We can think this idea further, as in Greene’s paper or Mike Abrash’s description of Rasterization on Larrabee, and do a full hierarchical rasterizer. But with a hardware rasterizer, there’s little to no point: it actually increases the amount of work done for small triangles (unless you can skip levels of the hierarchy, but that’s not how you design HW dataflows!), and if you have a triangle that’s large enough to actually produce significant rasterization work, the architecture I describe should already be fast enough to generate pixel locations faster than the shader units can consume them.
In fact, the actual problem here isn’t big triangles in the first place; they are easy to deal with efficiently for pretty much any algorithm (certainly including scan-line rasterizers). The problem is small triangles! Even if you have a bunch of tiny triangles that generate 0 or 1 visible pixels, you still need to go through triangle setup (that I still haven’t described, but we’re getting close), at least one step of coarse rasterization, and then at least one fine rasterization step for an 8×8 block. With tiny triangles, it’s easy to get either triangle setup or coarse rasterization bound.
One thing to note is that with this kind of algorithm, slivers (long, very thin triangles) are seriously bad news – you need to traverse tons of tiles and only get very few covered pixels for each of them. So, well, they’re slow. Avoid them when you can.
So what does triangle setup do?
Well, now that I’ve described what the rasterization algorithm is, we just need to look what per-edge constants we used throughout; that’s exactly what we need to set up during triangle setup.
In our case, the list is this:
The edge equations – a, b, c for all 3 triangle edges.
Some of the derived values, like the ia + jb for 0 <= i, j <= 7 that I mentioned; note that you wouldn’t actually store a full 8×8 matrix of these in hardware, certainly not if you’re gonna add another value to it anyway. The best way to do this is in HW probably to just compute the ia and jb, use a Carry-save adder (aka 3:2 reducer, I wrote about them before) to reduce the ia + jb + c expression to a single sum, and then finish that off with a regular adder. Or something similar, anyway.
Which reference corner of the tiles to use to get the upper/lower bounds of the edge equations for coarse rasterizer.
The initial value of the edge equations at the first reference point for the coarse rasterizer (adjusted for fill rule).
…so that’s what triangle setup computes. It boils down to several large integer multiplies for the edge equations and their initial values, a few smaller multiplies for the step values, and some cheap combinatorial logic for the rest.

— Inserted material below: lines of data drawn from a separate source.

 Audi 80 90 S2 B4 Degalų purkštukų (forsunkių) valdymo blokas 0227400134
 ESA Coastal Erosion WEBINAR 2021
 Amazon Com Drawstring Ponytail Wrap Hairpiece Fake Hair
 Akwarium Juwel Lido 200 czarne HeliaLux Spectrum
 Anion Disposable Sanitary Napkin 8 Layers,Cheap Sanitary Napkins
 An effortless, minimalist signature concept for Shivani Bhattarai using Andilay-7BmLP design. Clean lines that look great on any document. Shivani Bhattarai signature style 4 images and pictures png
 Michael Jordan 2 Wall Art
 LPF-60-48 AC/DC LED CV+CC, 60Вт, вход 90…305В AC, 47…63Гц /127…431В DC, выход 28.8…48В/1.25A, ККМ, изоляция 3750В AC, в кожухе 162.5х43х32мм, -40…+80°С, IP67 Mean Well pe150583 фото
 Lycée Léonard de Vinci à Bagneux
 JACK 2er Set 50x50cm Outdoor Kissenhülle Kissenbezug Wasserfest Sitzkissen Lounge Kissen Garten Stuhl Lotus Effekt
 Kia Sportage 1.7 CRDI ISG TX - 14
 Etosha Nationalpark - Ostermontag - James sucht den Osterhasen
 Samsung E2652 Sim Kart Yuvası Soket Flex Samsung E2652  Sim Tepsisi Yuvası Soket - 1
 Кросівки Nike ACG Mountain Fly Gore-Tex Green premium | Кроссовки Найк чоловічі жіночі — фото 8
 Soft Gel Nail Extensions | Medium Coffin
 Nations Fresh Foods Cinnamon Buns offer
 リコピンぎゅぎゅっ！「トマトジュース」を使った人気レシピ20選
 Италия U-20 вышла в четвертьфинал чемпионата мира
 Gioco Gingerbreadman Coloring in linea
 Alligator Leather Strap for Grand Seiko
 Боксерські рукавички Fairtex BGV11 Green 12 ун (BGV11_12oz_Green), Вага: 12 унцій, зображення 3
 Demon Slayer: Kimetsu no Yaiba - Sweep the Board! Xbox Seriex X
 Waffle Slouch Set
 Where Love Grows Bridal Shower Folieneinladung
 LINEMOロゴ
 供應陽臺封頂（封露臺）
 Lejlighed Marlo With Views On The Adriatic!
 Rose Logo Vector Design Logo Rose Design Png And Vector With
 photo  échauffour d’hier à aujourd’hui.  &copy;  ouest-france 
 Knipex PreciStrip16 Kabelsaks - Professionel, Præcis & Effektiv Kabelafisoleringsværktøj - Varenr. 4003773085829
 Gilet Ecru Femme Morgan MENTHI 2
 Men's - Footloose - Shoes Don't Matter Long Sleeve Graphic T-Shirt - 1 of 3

Other rasterization issues and pixel output
One thing I didn’t mention so far is the scissor rect. That’s just a screen-aligned rectangle that masks pixels; no pixel outside that rect will be generated by the rasterizer. This is fairly easy to implement – the coarse rasterizer can just reject tiles that don’t overlap the scissor rect outright, and the fine rasterizer ANDs all generated coverage masks with the “rasterized” scissor rectangle (where “rasterization” here boils down to a one integer compare per row and column and some bitwise ANDs). Simple stuff, moving on.
Another issue is multisample antialiasing. What changes is now you have to test more samples per pixel – as of DX11, HW needs to support at least 8x MSAA. Note that the sample locations inside each pixel aren’t on a regular grid (which is badly behaved for near-horizontal or near-vertical edges), but dispersed to give good results across a wide range of multiple edge orientations. These irregular sample locations are a total pain to deal with in a scanline rasterizer (another reason not to use them!) but very easy to support in a Pineda-style algorithm: it boils down to computing a few more per-edge offsets in triangle setup and multiple additions/sign tests per pixel instead of just one.
For, say 4x MSAA, you can do two things in an 8×8 rasterizer: you can treat each sample as a distinct “pixel”, which means your effective tile size is now 4×4 actual screen pixels after the MSAA resolve and each block of 2×2 locations in the fine rast grid now corresponds to one pixel after resolve, or you can stick with 8×8 actual pixels and just run through it four times. 8×8 seems a bit large to me, so I’m assuming that AMD does the former. Other MSAA levels work analogously.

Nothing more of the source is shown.